AIB sold a portfolio of loans that had an original value of almost €3 billion, known as Project Beech, to a group led by US distressed debt giant Cerberus in April. The portfolio, which had a carrying value of €1 billion on AIB's books at the time of the sale, was made up of loans against 5,000 assets, mainly investment properties, but also 220 owner-occupier loans that were cross-secured to wider commercial debt included in the sale.

The 71 per cent State-owned bank is planning another non-performing loan sale later this year to lower its proportion of such loans from 7.6 per cent of total loans to about 5 per cent.

Rabobank sold its remaining €3 billion-plus former ACC Bank loans to Wall Street bank Goldman Sachs, distressed debt firm CarVal Investors and debt collection firm Cadot for a deeply discounted price of €800 million in April. ACC Bank handed back its banking licence in 2014.

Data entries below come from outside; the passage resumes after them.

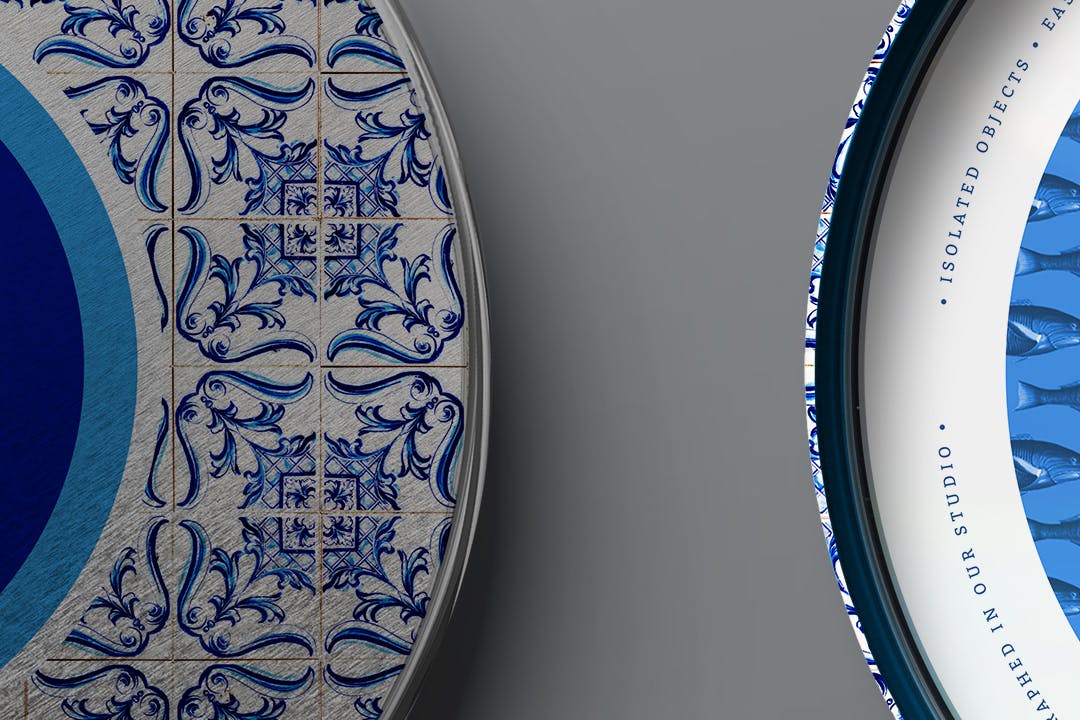 逼真有质感的金属CD盒样机圆形锡PSD素材包-5 逼真有质感的金属CD盒样机圆形锡PSD素材包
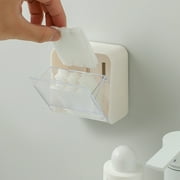 Cosmetic Organizer Soap Box Holder Drill-Free Bathroom Supplies Storage Case for Shower Bathroom Bathtub Kitchen Sink - Transparent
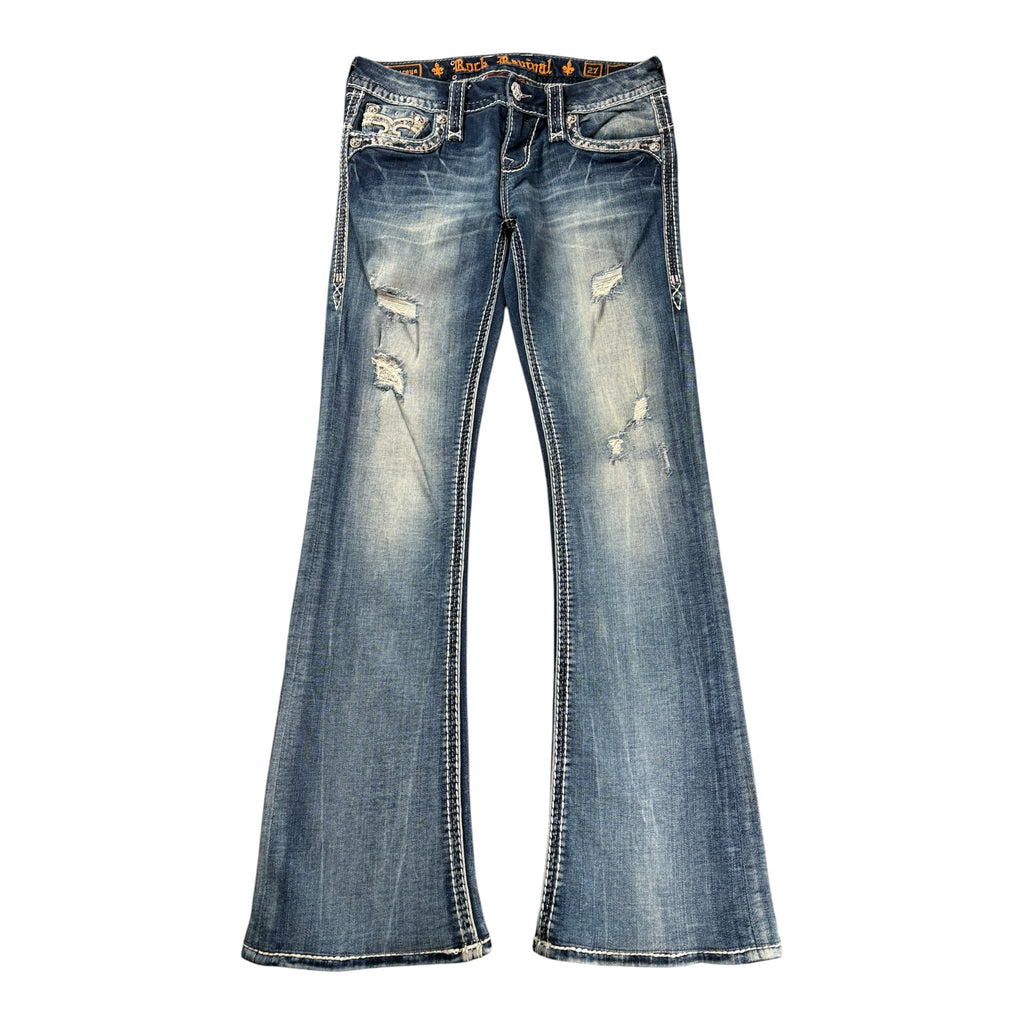 Vintage Rock Revival Jeans Staceya Bootcut Lowrise (27)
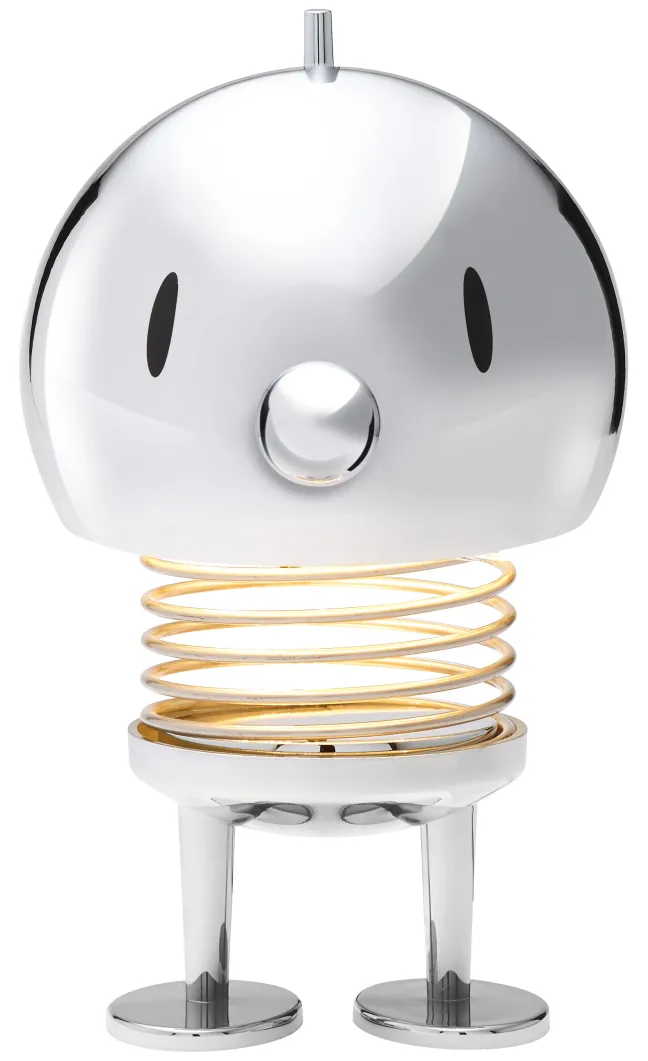 Hoptimist® LED Lampe mit Akku L chrom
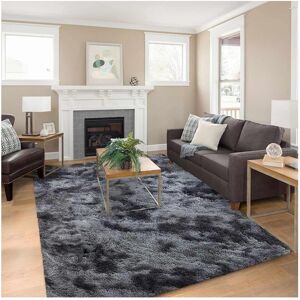 SUPREME BEDDING LTD (160 x 230 cm (5ft 4in x 7ft 8in)- Large Area Rug, Tie Dye- Grey Rug) Large Shag SUPREME BEDDING LTD (160 x 230 cm (5ft 4in x 7ft 8in)- Large Area Rug, Tie Dye- Grey Rug) Large Shag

Royal Bank of Scotland's Ulster Bank, which has been among the most active sellers of non-core loan portfolios in the Republic over the past five years, announced plans earlier this month to sell €900 million of non-performing loans, including 3,200 owner-occupier mortgages and debt linked to 400 buy-to-let properties.

Permanent TSB, which offloaded €3.4 billion of mortgages last year, and Bank of Ireland has also flagged potential further loan sales.